Some groups have figured this out, and they have working solutions that we can not only model, but also borrow from.

What we need is a BYOOER party!

That’s Bring Your Own Open Educational Resources party.  At this party, we are going to assemble our online digital resources for classes using the power of crowdsourcing, OER repositories, secret district digital treasures, and best-of-the-web content.

Digital OER content works best, naturally, when students have access to the internet. If you’re already a 1:1 school (one device per student) or if you’ve adopted a BYOD (Bring Your Own Device) policy, then using OER just makes good sense. If you’re headed toward 1:1, then this is a good time to start building your OER framework. If you have no plans of going 1:1, OER content can still find its way into your building and in the homes of your students.

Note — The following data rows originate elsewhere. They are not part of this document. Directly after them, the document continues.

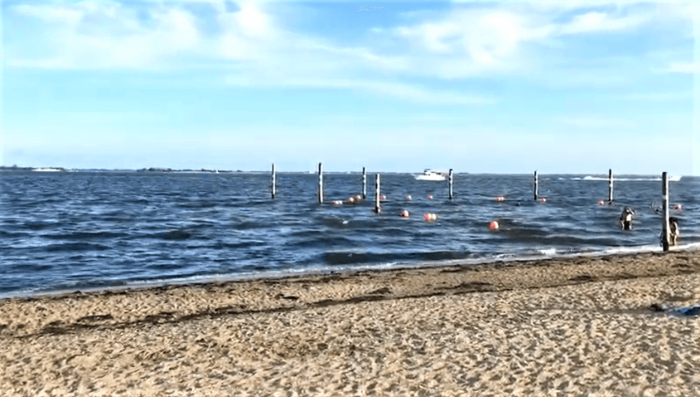 Cierran playas en Copiague, Lindenhurst, Sayville y Centerport por hallazgo de bacterias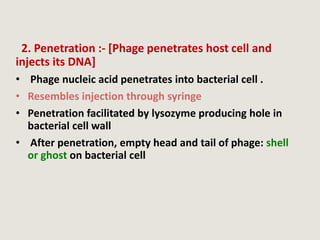 2. Penetration :- [Phage penetrates host cell and
injects its DNA]
• Phage nucleic acid penetrates into bacterial cell .
• Resembles injection through syringe
• Penetration facilitated by lysozyme producing hole in
bacterial cell wall
• After penetration, empty head and tail of phage: shell
or ghost on bacterial cell
 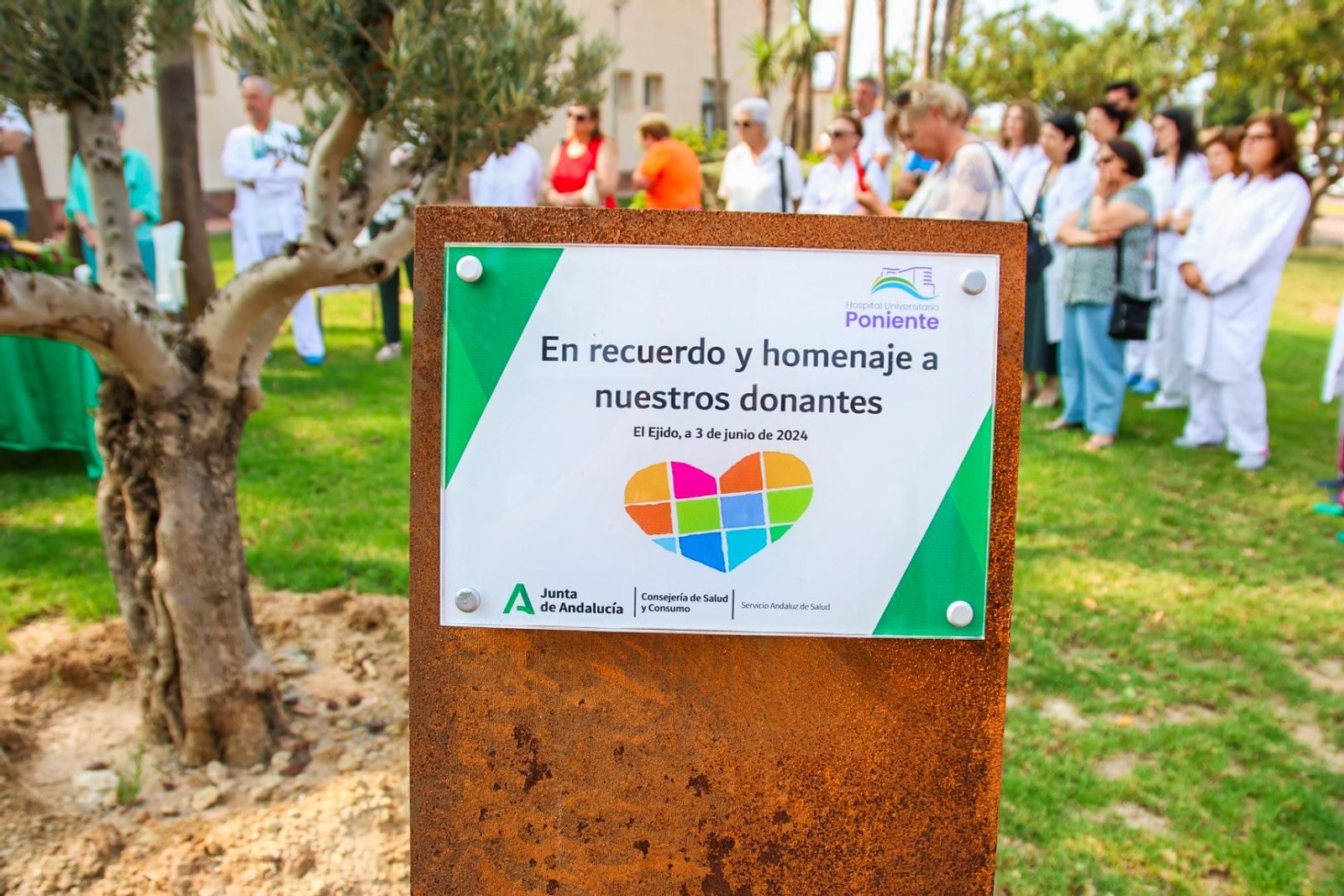 Imágenes del homenaje a los donantes de órganos y tejidos en el Hospital de Poniente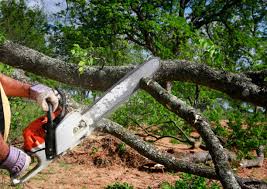 Best Lawn Irrigation Installation and Maintenance  in Genesee, CO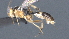  ( - CCDB-28472-H08)  @11 [ ] CreativeCommons - Attribution (2023) Michael Sharkey Centre for Biodiversity Genomics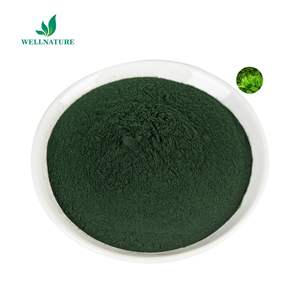 Nhà máy cung cấp protein 65% Chlorella chiết xuất tảo Chlorella Chlorella pyrenoidosa bột - Product Image 2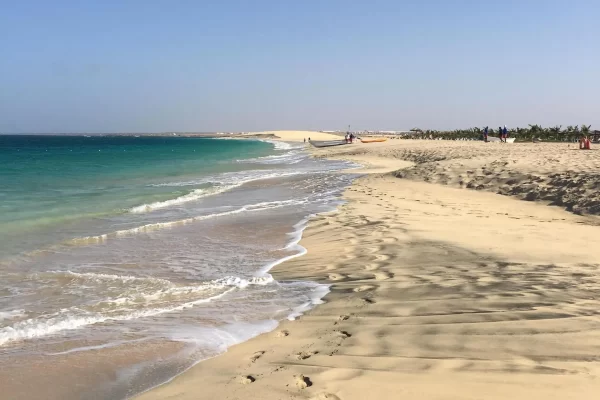 https___static.travelconline.com_imagenes_vtCB8cHX3Dht-a6l2fjarTegLAlt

Why should we use OER? Obviously, cost savings are important, but that’s certainly not the only reason. Here’s a short list

  • Students and teacher have easier access to content.
  • Students and teachers have access to current content that’s been peer-reviewed and continually updated.
  • Students can explore content of courses that they are not enrolled in.
  • Teachers can use content from a variety of sources.
  • Content is included from real-life area experts.
  • Districts can utilize local experts and build those relationships.
  • OER fosters a collaborative approach to teaching.
  • The district will have an Increased capacity to support remote learners.
  • Learning can be extended to 24/7.
  • Districts can demonstrate to its community that its teachers have the expertise to create and curate OER content.
  • The district will develop partnerships with OER providers.
  • The district will become an OER provider.
  • The district can join the crowd that’s working toward the greater good of all learners.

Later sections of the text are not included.